* **DATA**
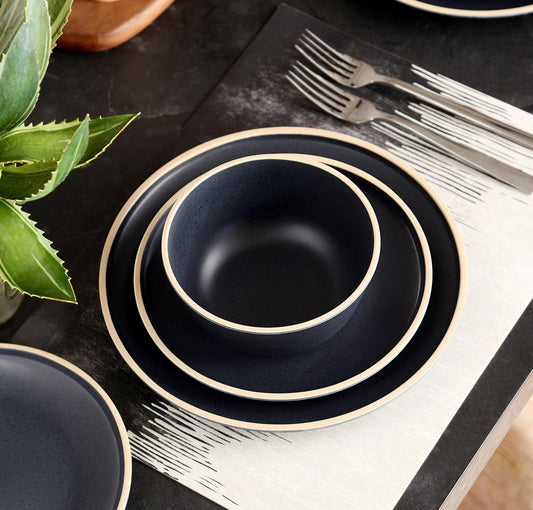 Melamine Outdoor Black 12pcs Dinnerware Set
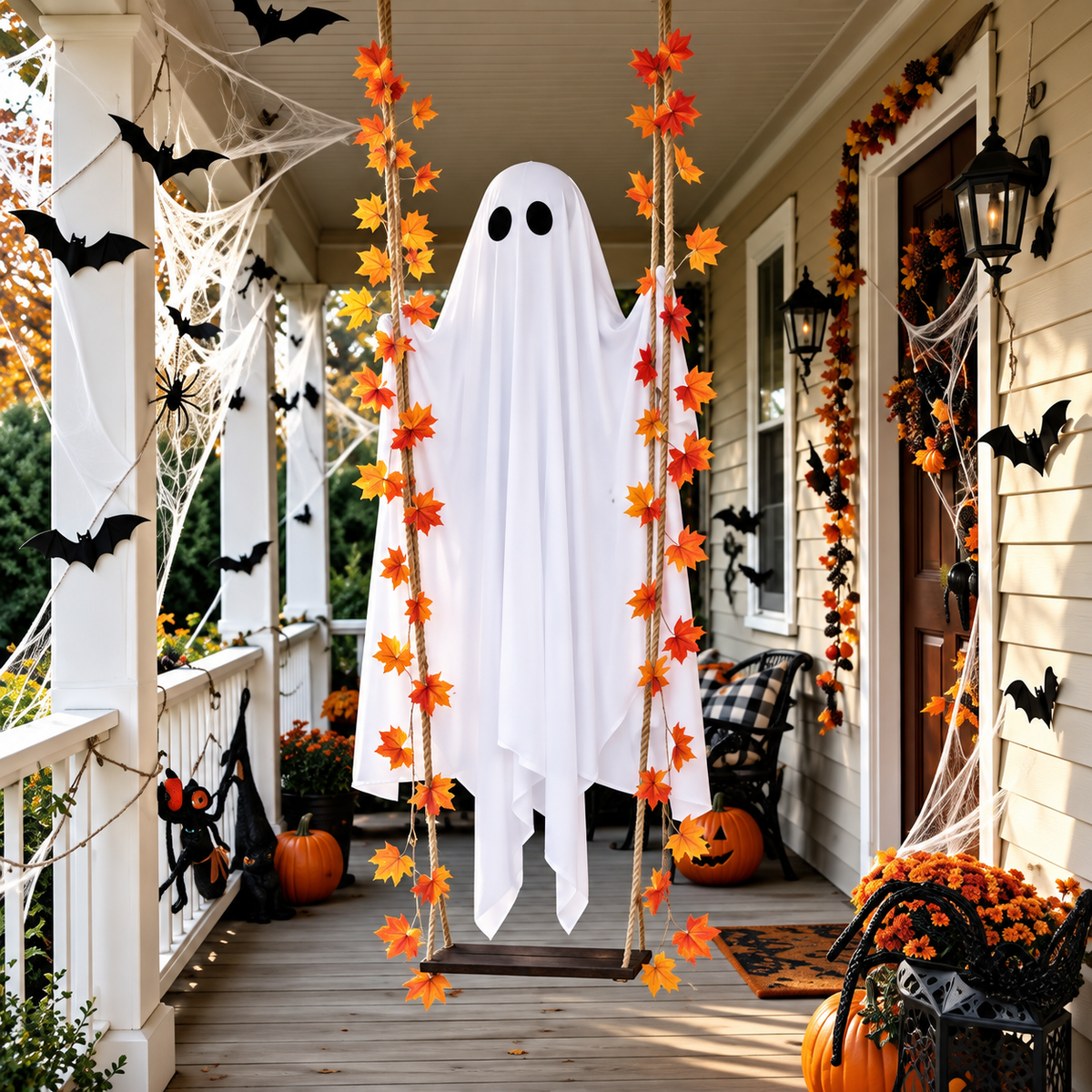 Swinging Ghost Light Up Spooky Ornaments with Remote Control Ghost Halloween Decor for Indoor Outdoor Front Porch Tree Yard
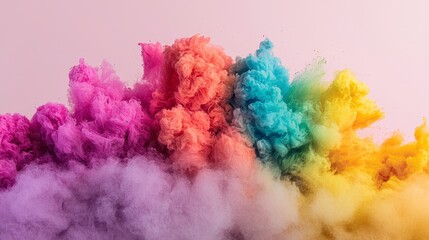 Rainbow Powder Explosion on Pink Background
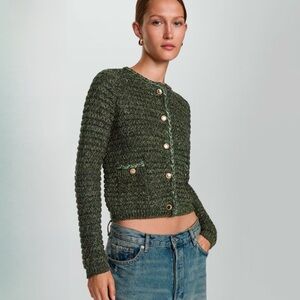 Mango Lurex chunky-knit cardigan green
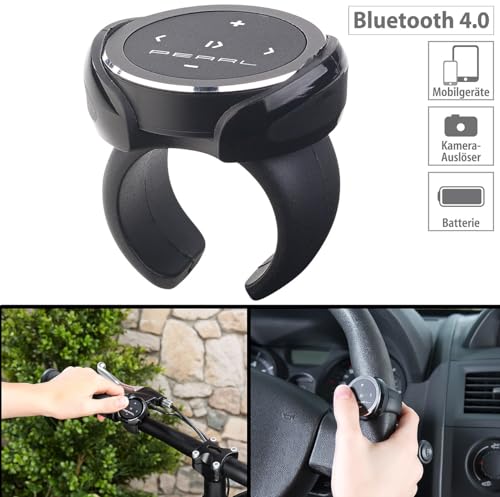 auvisio Lenkrad Fernbedienung: Media-Fernbedienung f&uuml;r iOS & Android, Bluetooth 4.0, Kamera-Ausl&ouml;ser (Remote, Bluetooth, Lenkradfernbedienung, Steuerung Handy)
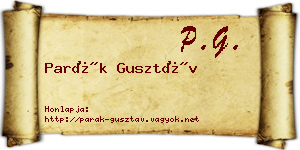 Parák Gusztáv névjegykártya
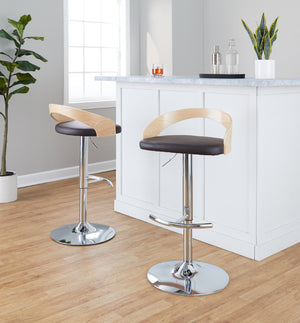 English Elm Adjustable Swivel Barstools Set of 3 Faux Leather Chrome Base Kitchen Counter B202S02031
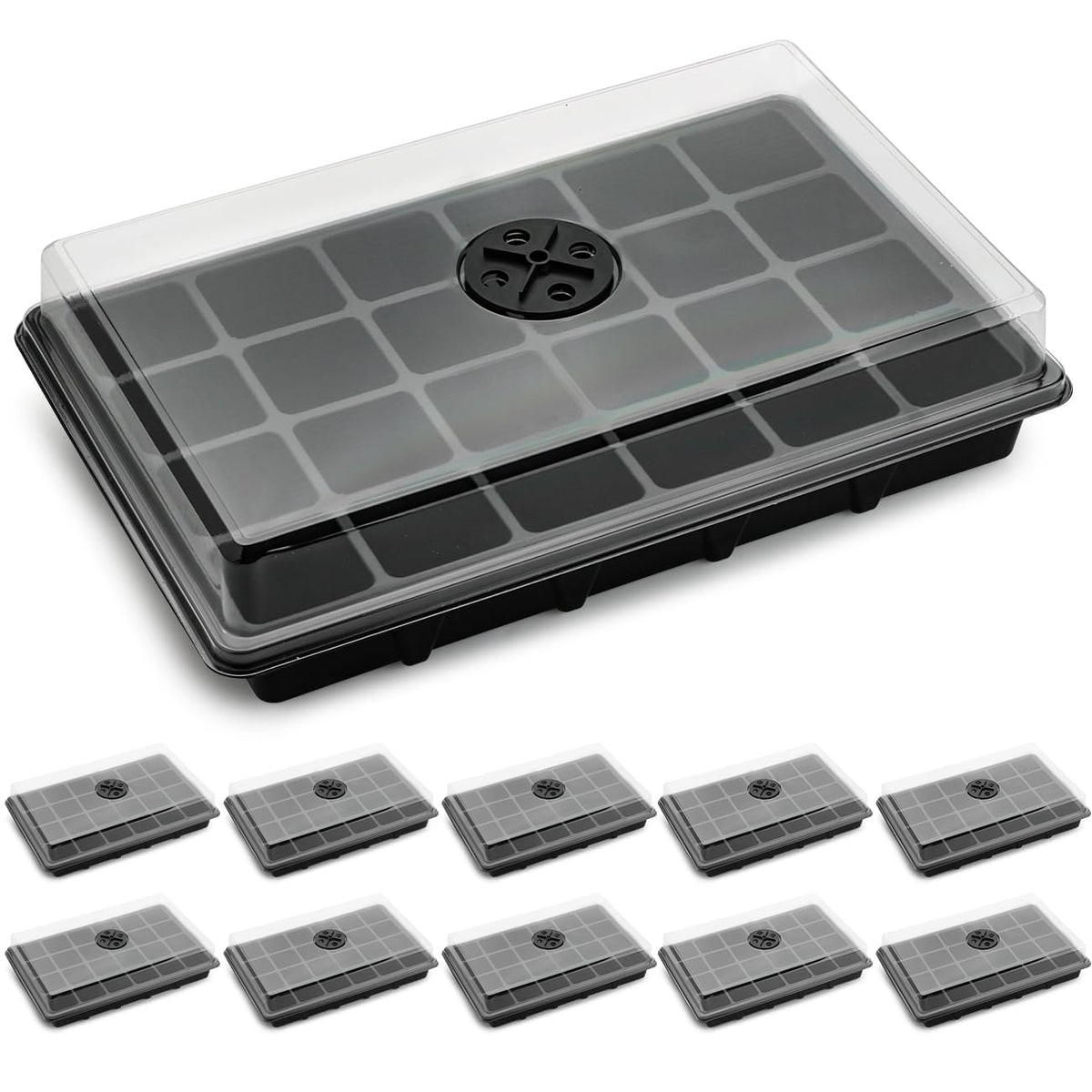 RooTrimmer XL seed starter tray with dome for strong sprouts.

* **PROBLEM**
Please leave out the pictures as you reproduce the lines exactly, from the first line of the entries through the line containing "Mango Lurex chunky-knit cardigan green".

* **WRITTEN ANSWER**
 Melamine Outdoor Black 12pcs Dinnerware Set
 Swinging Ghost Light Up Spooky Ornaments with Remote Control Ghost Halloween Decor for Indoor Outdoor Front Porch Tree Yard
 Rainbow Powder Explosion on Pink Background
 Mango Lurex chunky-knit cardigan green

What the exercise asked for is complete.